Firewall configuration should:
- adopt a default policy of blocking: Most operating systems allow everything by default. Turn this around and block everything except that kind of traffic you expect and need.
- check inbound and outbound: Filter incoming and outgoing network traffic. This makes it much harder for hackers to come in (and get out – in the unfortunate case of a successful hack).
- filter open ports: Secure open network ports by filtering traffic based on source (IP-address) and/or state, only allow traffic from where you expect it to come from.
Hide version information
The software your server runs is versioned, often a number indicating the exact date when it was built. Hackers can use this version of information to look up is known for security problems, vulnerabilities, and weaknesses.

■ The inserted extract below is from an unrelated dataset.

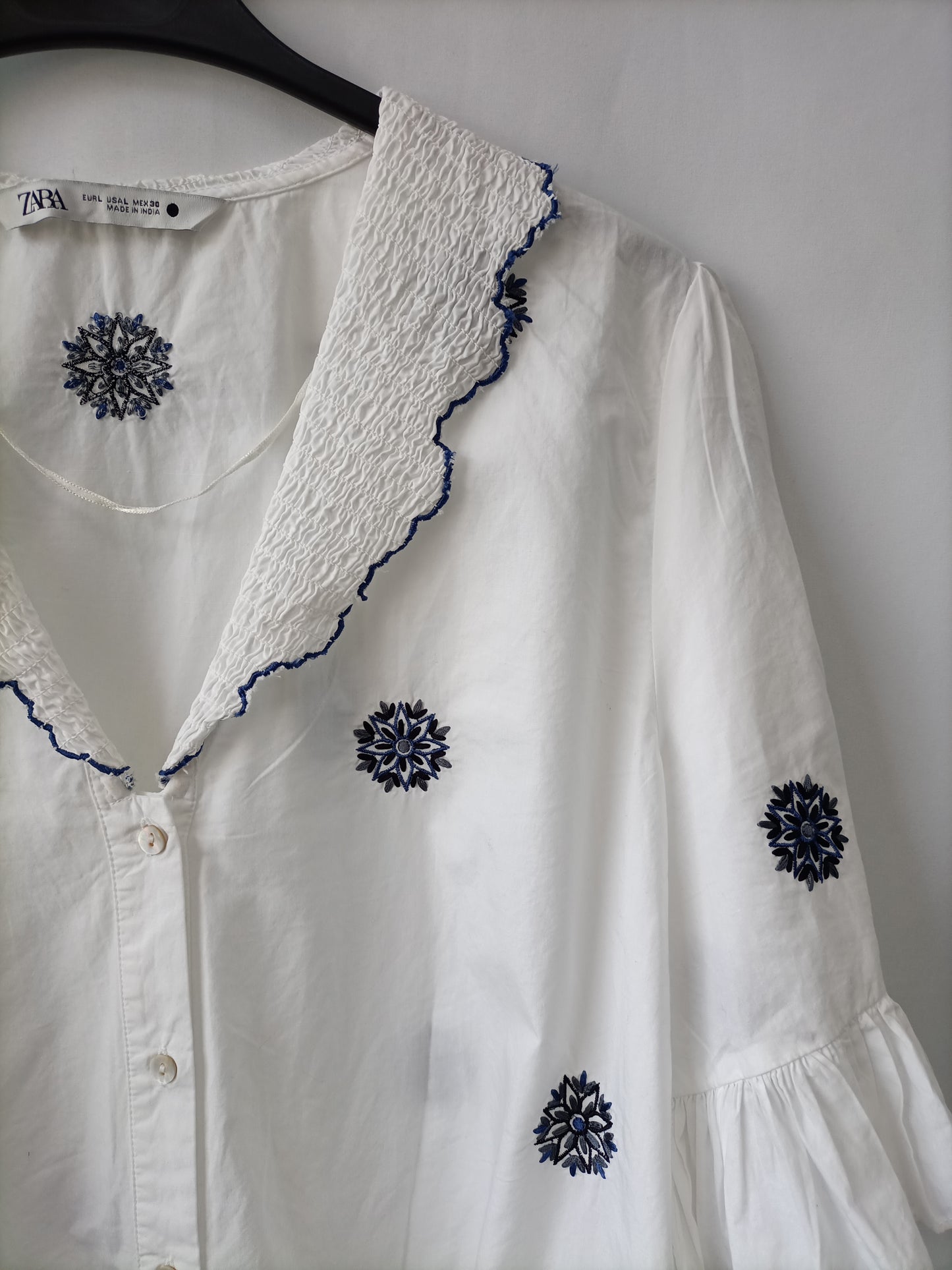 ZARA. Blusa blanca Bordados azules T.l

Stop helping hackers by removing version information from:
- web servers: Apache, NGINX, Microsoft Internet Information Services, etc. Check your server by analyzing the HTTP headers.
- mail servers: Postfix, Exim, Dovecot, Sendmail, etc. Often these servers communicate their version in a “hello banner”, shown directly after establishing a connection using SMTP, IMAP, POP3.
- web languages: PHP, .NET, Java, Python etc. Sometimes these frameworks and scripting languages add their own HTTP header (“x-powered-by”) with version info.
- file servers: FTP, SFTP, WebDav, etc. These servers communicate their version info in their greeting, shown directly upon connecting, often before authentication
- SSH: Did you know OpenSSH communicates operating system version info by default?
Use certificate instead of passwords
If password-based logins are allowed, hackers can repeatedly attempt to access the server. With modern computing power, it’s easy to automate this guessing by trying combination after combination until the right password is found (brute-forcing).
Secure authentication by:
- use SSH key authentication: an SSH key is much longer than a normal password and contains different characters than ordinary readable letters and numbers. This results in more possible combinations, making it exponentially more difficult for hackers to find the right key.
- limit authentication rate: Artificially make the password / key checking slower, reducing the speed of automated guessing
- block automated guessing: Exclude IP-addresses if they have failed to login successfully.
Every server has a root user who can execute any command. Because of the power it has, the root can be very hazardous to your server if it falls into the wrong hands. It is a widespread practice to disable the root login in SSH altogether.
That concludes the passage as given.